Requirement
Would you retype the listing below word for word, without any of its pictures?

Exercise data
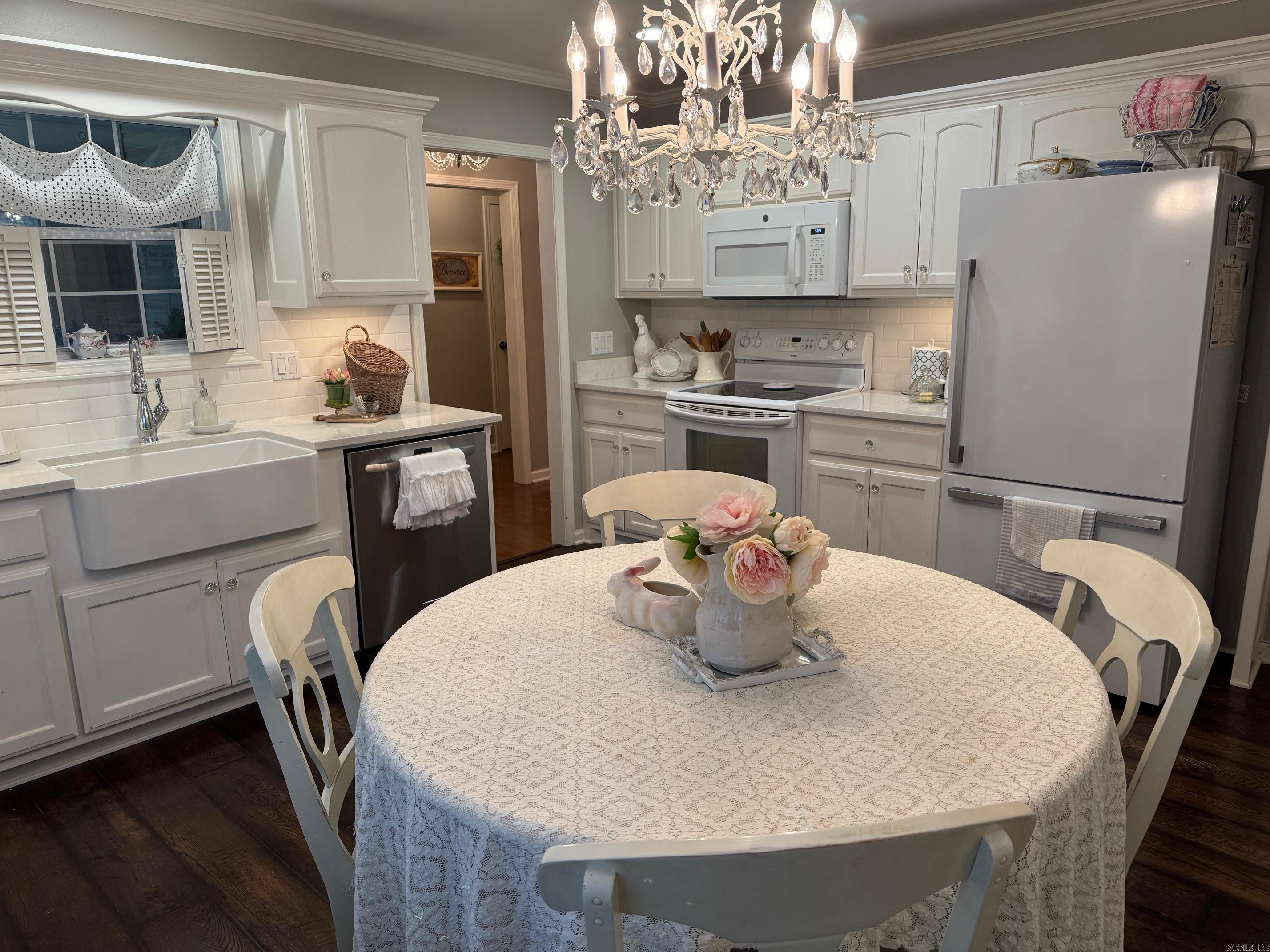 8 CARINENA LANE  Hot Springs Village, AR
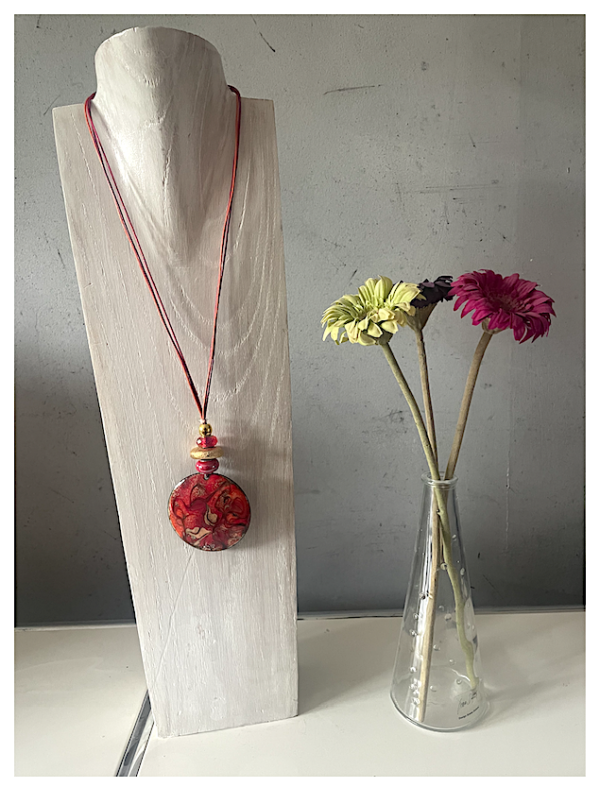 Collier avec médaillon diamètre 60 mm, couleur : Rouge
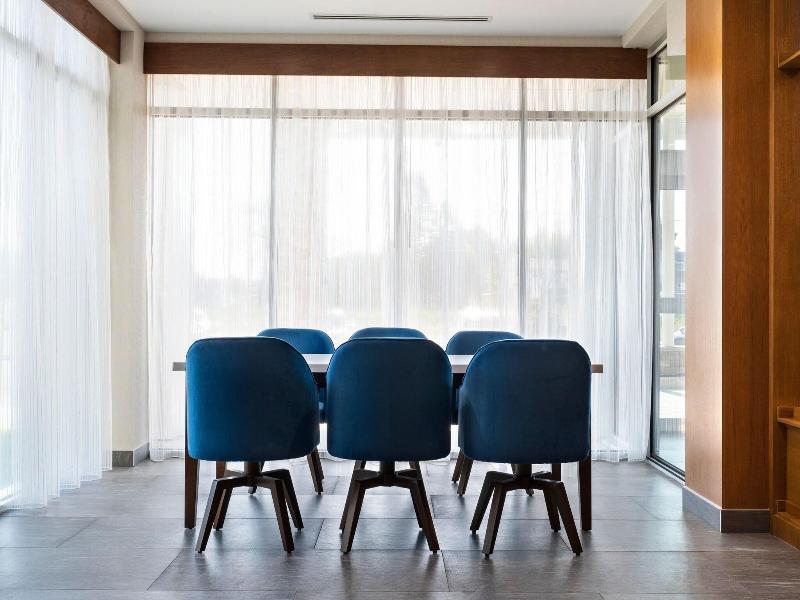 Fairfield Inn Suites By Marriott North Bay image
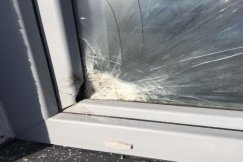 Nastolatek odpalił petardę na parapecie posterunku policji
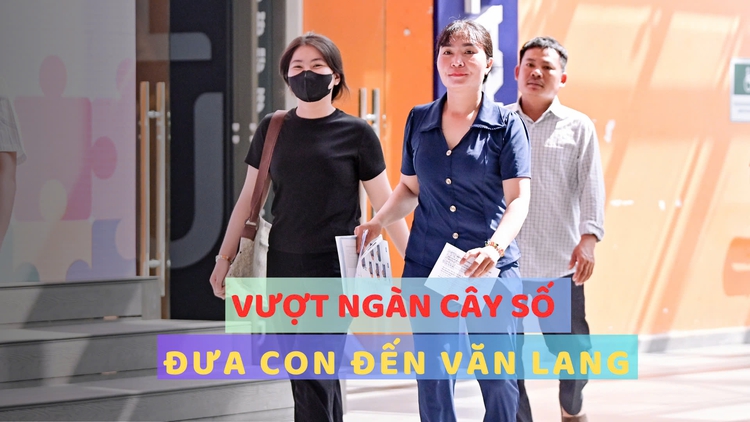 Phụ huynh xin nghỉ phép, vượt ngàn cây số đưa con vào giảng đường đại học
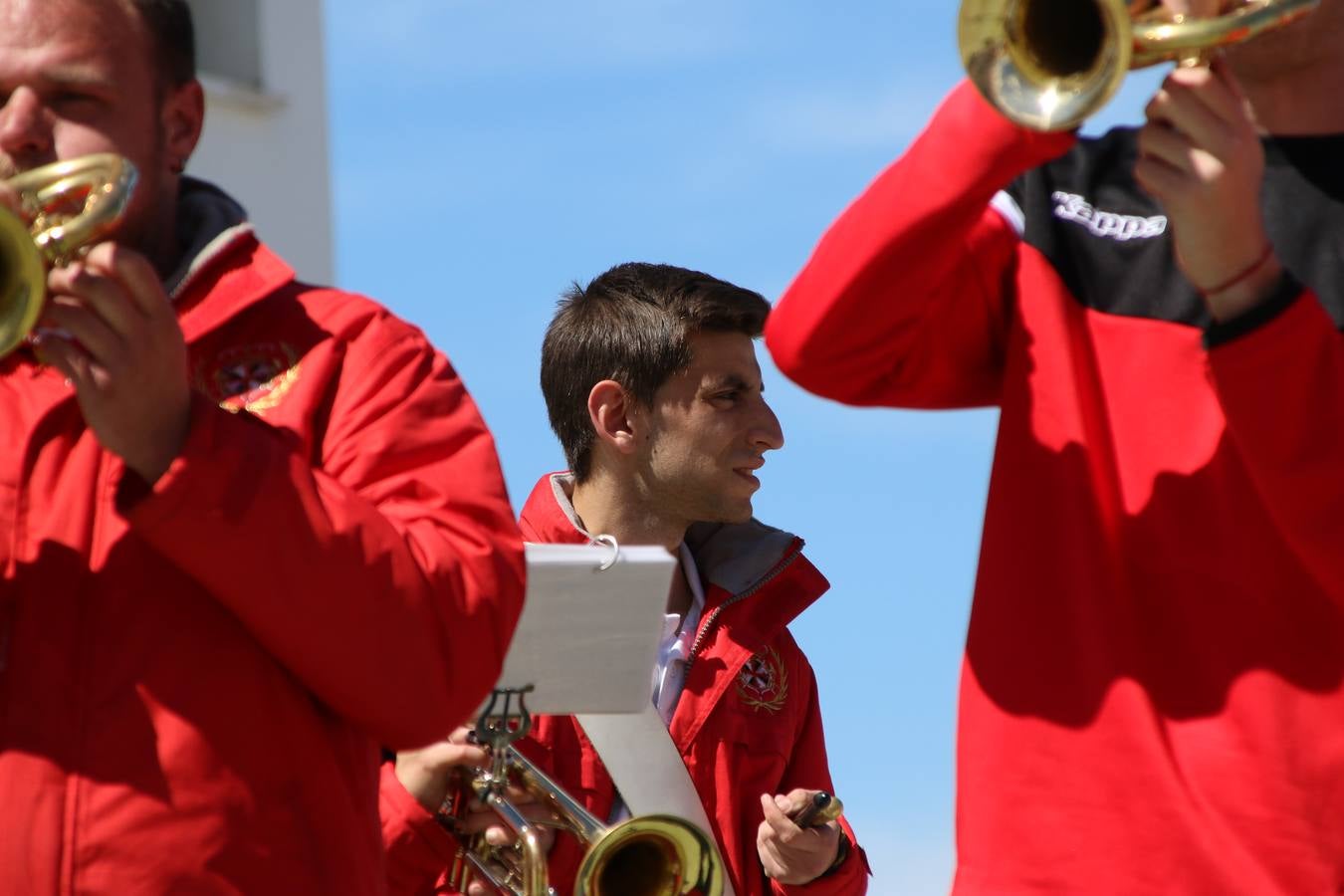 El Colegio 'Sotomayor y Terrazas' ha celebrado, esta mañana, su III Certamen escolar de bandas, organizado por el área de Música de este centro educativo, bajo la dirección de la maestra Loli Guzmán. A las puertas de la Semana Santa de Jerez, la actividad ha tenido como objetivo acercar la música a los niños y trabajar con ellos los sones que acompañan esta celebración. Esta edición ha contado, también, con la participación de alumnos del Colegio de Educación Especial 'Nuestra Señora de Aguasantas', la Agrupación Musical 'Nuestro Padre Jesús Nazareno', la Banda de CC. y TT. de 'Nuestra Señora del Rosario' y la Agrupación Musical 'Maestro Sousa'. Además, como novedad, se ha realizado un desfile previo por las calles del popular 'Barrio Alto'.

Your solution
 8 CARINENA LANE  Hot Springs Village, AR
 Collier avec médaillon diamètre 60 mm, couleur : Rouge
 Fairfield Inn Suites By Marriott North Bay image
 Nastolatek odpalił petardę na parapecie posterunku policji
 Phụ huynh xin nghỉ phép, vượt ngàn cây số đưa con vào giảng đường đại học
 El Colegio 'Sotomayor y Terrazas' ha celebrado, esta mañana, su III Certamen escolar de bandas, organizado por el área de Música de este centro educativo, bajo la dirección de la maestra Loli Guzmán. A las puertas de la Semana Santa de Jerez, la actividad ha tenido como objetivo acercar la música a los niños y trabajar con ellos los sones que acompañan esta celebración. Esta edición ha contado, también, con la participación de alumnos del Colegio de Educación Especial 'Nuestra Señora de Aguasantas', la Agrupación Musical 'Nuestro Padre Jesús Nazareno', la Banda de CC. y TT. de 'Nuestra Señora del Rosario' y la Agrupación Musical 'Maestro Sousa'. Además, como novedad, se ha realizado un desfile previo por las calles del popular 'Barrio Alto'.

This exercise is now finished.